Koersdiscussies voerde de partij ook al na eerdere nederlagen in 2010, 2012 en 2019, voerde hij aan. Nu kwam het aan op de uitvoering.
Wél herbronnen, was exact een week geleden de oproep van oud-Kamerlid Jan Schinkelshoek in een opinieartikel in Trouw. „De partij verkeert in een identiteitscrisis”, zo licht hij donderdag desgevraagd, in een vraaggesprek, toe. Schinkelshoek, partner bij het bureau Schinkelshoek & Verhoog voor communicatiestrategie, is ervan overtuigd dat zijn partij moet kiezen. Alleen „moedig voorwaarts!” roepen, vindt hij te simpel. De oud-campagneleider van het CDA denkt dat er twee mogelijkheden zijn. Eén: doorgaan als kopie van Ruttes VVD. Of twee, zijn voorstel: het profiel van de partij concretiseren en aanscherpen. Herbronnen dus.
Herbronnen? Alles draait anno 2021 toch om een aansprekende lijsttrekker met een vlot verhaal?
„Dat is zeker belangrijk, maar vorm kan gebrek aan inhoud nooit verbloemen. Een goed verhaal kan alleen beginnen met wie je bent en waar je voor staat. Daarin is het CDA te onduidelijk geweest. We hadden ons moeten profileren als de partij die probeert een nieuw perspectief te bieden, die z’n uiterste best doet om de zaken bij elkaar te houden. Die snaar hebben we niet weten te raken. Voor de derde keer op rij hebben we geprobeerd de VVD te verslaan door de afslag naar rechts te nemen. Voor de derde keer op rij is het ons niet gelukt. Het CDA heeft een te harde, te rechtse uitstraling gehad. Daardoor viel er een gat in het politieke midden en was het met een campagne als die van D66 makkelijk om daar binnen te komen. We zijn duizenden stemmen, goed voor meerdere zetels, kwijtgeraakt aan die partij.”

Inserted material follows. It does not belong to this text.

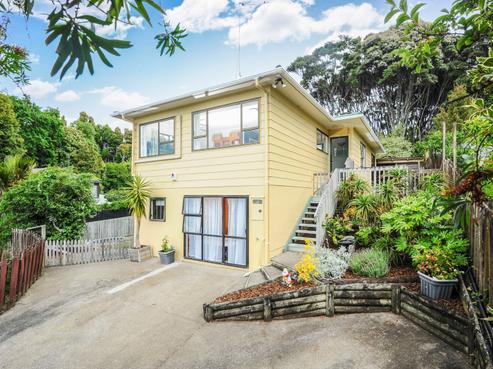 1/20 Jenanne Place, Totara Vale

Hoe had het anders gekund?
„In november 2019 kwam het Zij-aan-zij-rapport van de interne CDA-Commissie Beraad Perspectief 2030 uit. Aan de hand daarvan had het CDA zich vervolgvragen moeten stellen: Hoe willen wij als partij worden aangesproken op het thema rentmeesterschap? Wat betekent publieke gerechtigheid anno 2021? Dat sluit helemaal aan bij de hartenkreet van Pieter Omtzigt, in reactie op de toeslagenaffaire: Waar kan de burger die door de overheid in het nauw is gebracht zijn recht nog halen? Aan de hand van dergelijke vragen hadden we een veel scherper, meer onderscheidend programma kunnen maken dan we hebben gedaan.”

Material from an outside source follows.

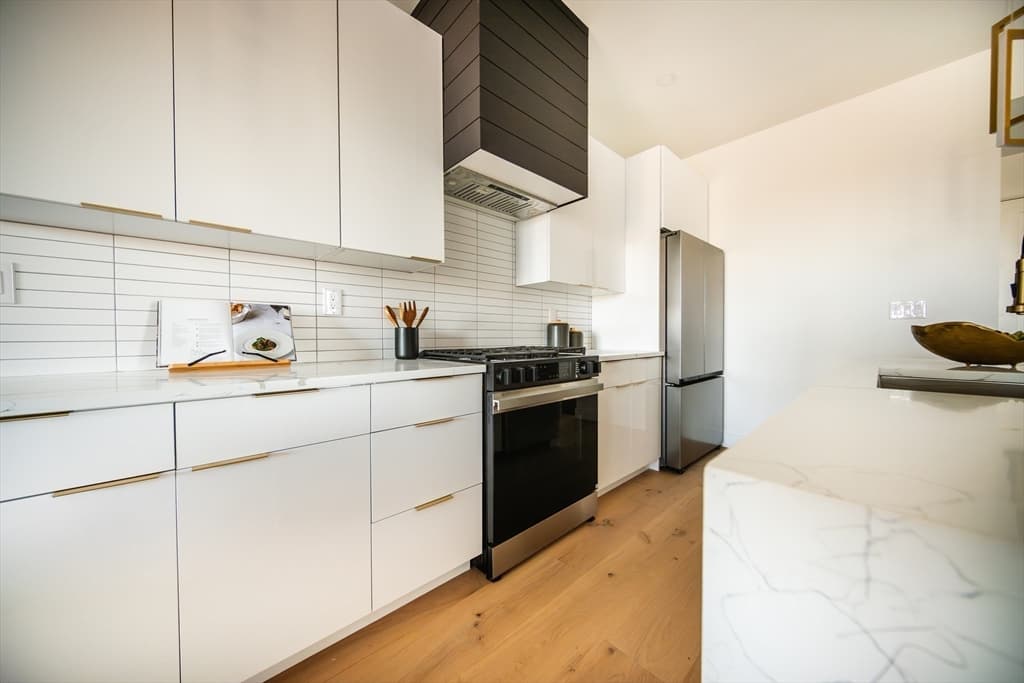 Condominium at 66 Mcgrath # 507, Quincy MA 02169, photo 5 of 30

De eerste, de beste gedachtewisseling over het rapport op het ledencongres van december 2019 ontaardde in ruzie over de landbouwparagraaf. Moet de conclusie dan niet zijn: nog meer bezinning legt de verdeeldheid in de partij alleen nog maar scherper bloot?
„Het klopt dat de CDA-kernwaarden van rentmeesterschap, gespreide verantwoordelijkheid, publieke gerechtigheid en solidariteit hun functie van bindmiddel tussen partijleden onderling zijn kwijtgeraakt. Tegenstellingen zijn er in het CDA altijd geweest, maar in het verleden overstegen we die door elkaar te vragen: Hoe geef jij met jouw moties, jouw amendementen en jouw initiatieven met vallen en opstaan vorm aan het christendemocratisch ideaal?
Omdat de uitgangspunten verwaarloosd zijn, is dat nu veel lastiger en groeien ook in onze partij de kloven tussen links en rechts, tussen jong en oud en tussen stad en platteland. Mijns inziens onderstreept dat de noodzaak om opnieuw in die uitgangspunten te investeren des te meer.
Natuurlijk zal dat leiden tot een scherp debat, maar angst is altijd een slechte raadgever. Een partij met een helder profiel is nog altijd te verkiezen boven een partij waarvan elke kiezer zegt: Ik weet niet wat ik eraan heb.”
Een nieuw seizoen staat voor de deur, maar het CDA heeft geen gemeenschappelijk gedragen, politiek programma. Dat belooft weinig goeds.
„Uiteindelijk zal ook in het CDA het gezond politiek verstand overwinnen, daar heb ik alle vertrouwen in. Maar inderdaad, het christendemocratisch profiel is verfletst en zolang daar niets voor in de plaats komt, is de situatie zeker kritiek.”